Więcej o transferze: TUTAJ

17. Norwich, Ricky van Wolfswinkel, 10,5 mln
(22.03.2013r. ze Sportingu Lizbona)
 
Holender, za którym nikt nie płacze. Miał być kluczem do utrzymania w Premier League, a tymczasem przez cały sezon strzelił jednego gola, przez co zespół ostatecznie spadł do Championship. Wciąż formalnie należy do Norwich, aczkolwiek nie pomógł w żadnym stopniu w powrocie do elity, bowiem miniony sezon spędził w Saint-Etienne.
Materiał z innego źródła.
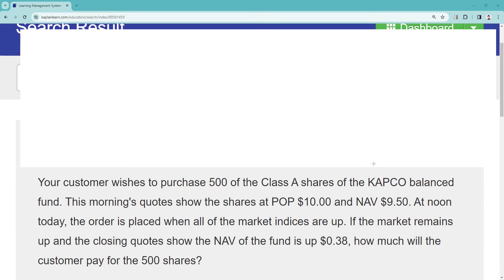Let's look at this request from a test taker. Your customer wishes to purchase 500 shares of the Class A shares. By way of reminder, Class A shares are for somebody who has a long time horizon and understands that front-end load. Anyway, a Capco balance fund — this morning's quote shows the shares at a public offering price of $10 at an NAV of $9.50.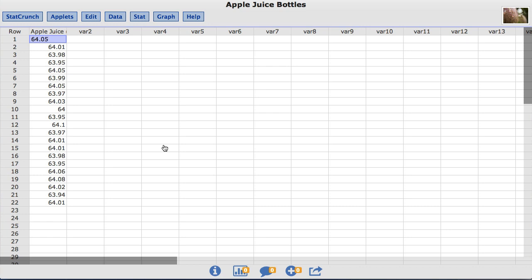The data set I am using is called Apple Juice Bottles. This data set comes from the book Statistics Informed Decisions Using Data by Michael Sullivan.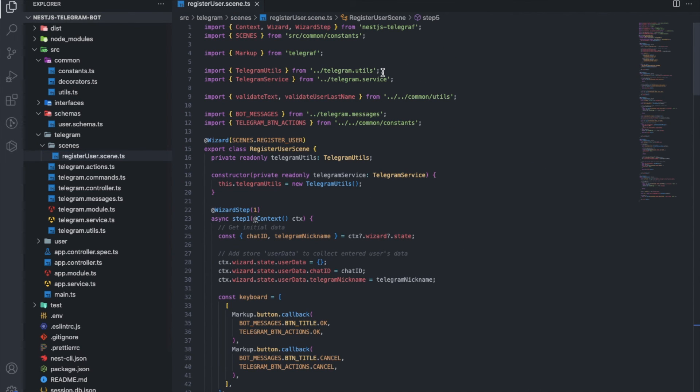I suggest creating a separate directory for scenes, because there will obviously be more than one.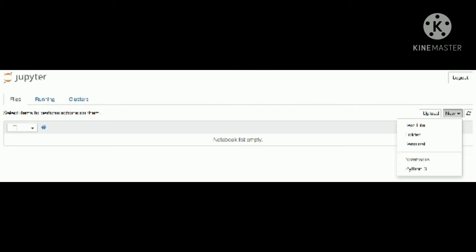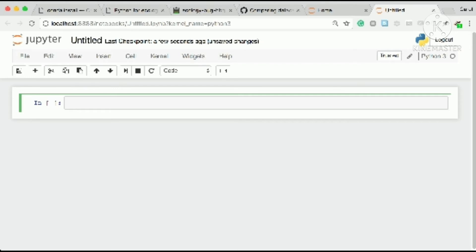The Jupyter Notebook user interface is split up into three tabs: Files, Running, and Clusters. The default view is the File tab, from where you can open or create a notebook. You can click the New drop-down menu and you will see the following options. Then select Python 3 to open a new Jupyter Notebook for Python. Finally the notebook is created and you should be able to see something similar to this screenshot.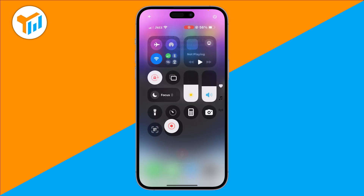To start recording, simply tap the screen recording control. You'll see a short countdown, and then the icon will turn red, which means your iPhone is recording with audio.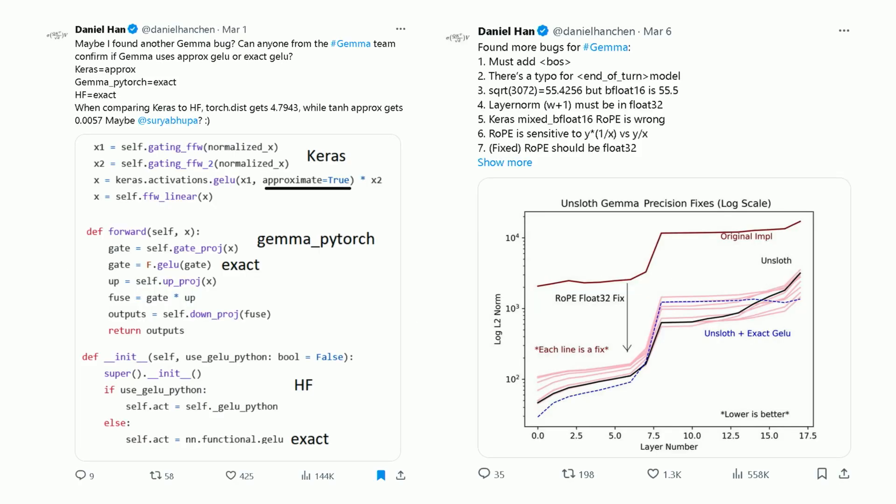You might know me from the Gemma bug fixes we did. Gemma is an open source model by Google, and there were a few bugs in there that we fixed. We tweeted about this — for example, the activation function had to be approximate GELU, not exact GELU, and there were some other issues we talked about for Gemma.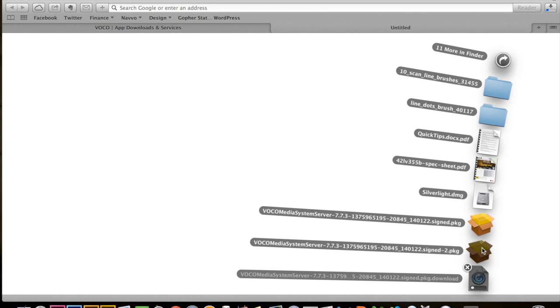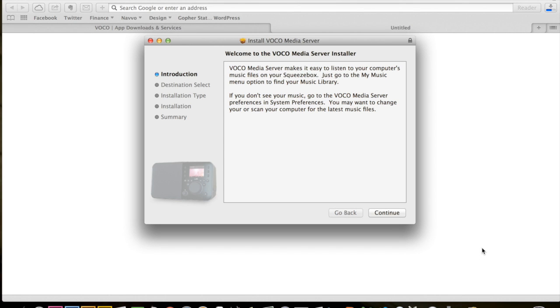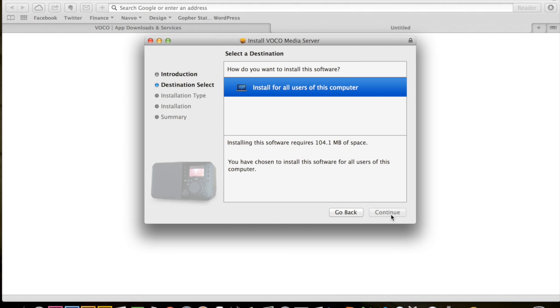Once it is downloaded, double click on it and then just follow the steps for the install Vocal Media Server.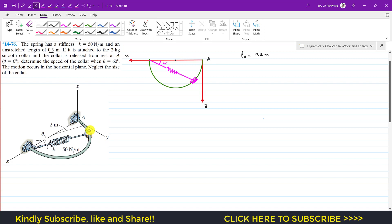The collar has a mass of 2 kg and is released from rest at point A, so the velocity at point A is zero. We need to determine the speed of the collar when theta equals 60 degrees. This is the top view of the whole system, with the collar moving in this direction, and we must find the speed at that instant.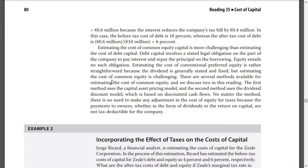We discuss two methods in this reading. The first method uses the capital asset pricing model. The second method uses the dividend discount model, which is based on discounted cash flows. No matter the method, there is no need to make any adjustments to the cost of equity for taxes because the payments to owners, whether in the form of dividends or returns on capital, are not tax deductible for the company.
Teraz natomiast został wypożyczony do Betisu.
 
18. Bournemouth FC, Tyrone Mings, 8 mln
(26.06.2015r. z Ipswich)
Duży talent, którym interesowało się kilka silniejszych zespołów z elity. Niemniej jednak, rzadko zdarza się, by beniaminek inwestował rekordowe pieniądze w piłkarza, który nie ma doświadczenia w Premier League. W pierwszych kolejkach, ku zaskoczeniu wielu, nie było dla niego miejsca w podstawowym składzie, dlatego na ocenę tej transakcji trzeba jeszcze poczekać.
 
Więcej o transferze: TUTAJ
 
19. Leicester City, Leonardo Ulloa, 8 mln
(22.07.2014r. z Brighton)
Jak na beniaminka przystało, trzeba sypnąć kasą wchodząc do elity. Argentyńczyk to bardzo ciekawy zawodnik, z interesującą przyszłością. Średnio radził sobie w ojczyźnie, ale w Hiszpanii spisywał się obiecująco, szczególnie w Almerii. Podobnie było na boiskach Championship w barwach Brighton. Rosły napastnik to idealne wzmocnienie dla zespołu, który w większości spotkań będzie szukał swoich szans po stałych fragmentach gry, po dośrodkowaniach, po długich piłkach. Zresztą, zdołał już strzelić pierwszego gola na boiskach Premier League, także początek napawa optymizmem.
 
Więcej o transferze: TUTAJ

20. Watford FC, Etienne Capoue, 6,3 mln
(06.07.2015r. z Tottenhamu) 
Kolejny z beniaminków nie szczędził pieniędzy na wzmocnienia. Watford przeprowadził bowiem aż pięć transferów większych od poprzedniego rekordu z sezonu 2007/2008, ale to były już pomocnik Tottenhamu okazał się najdroższy. 27-latek nie wspomina najlepiej dwóch lat spędzonych na White Hart Lane i teraz, jako kluczowy zawodnik, ma szansę coś udowodnić. Póki co filar drugiej linii "The Hornets".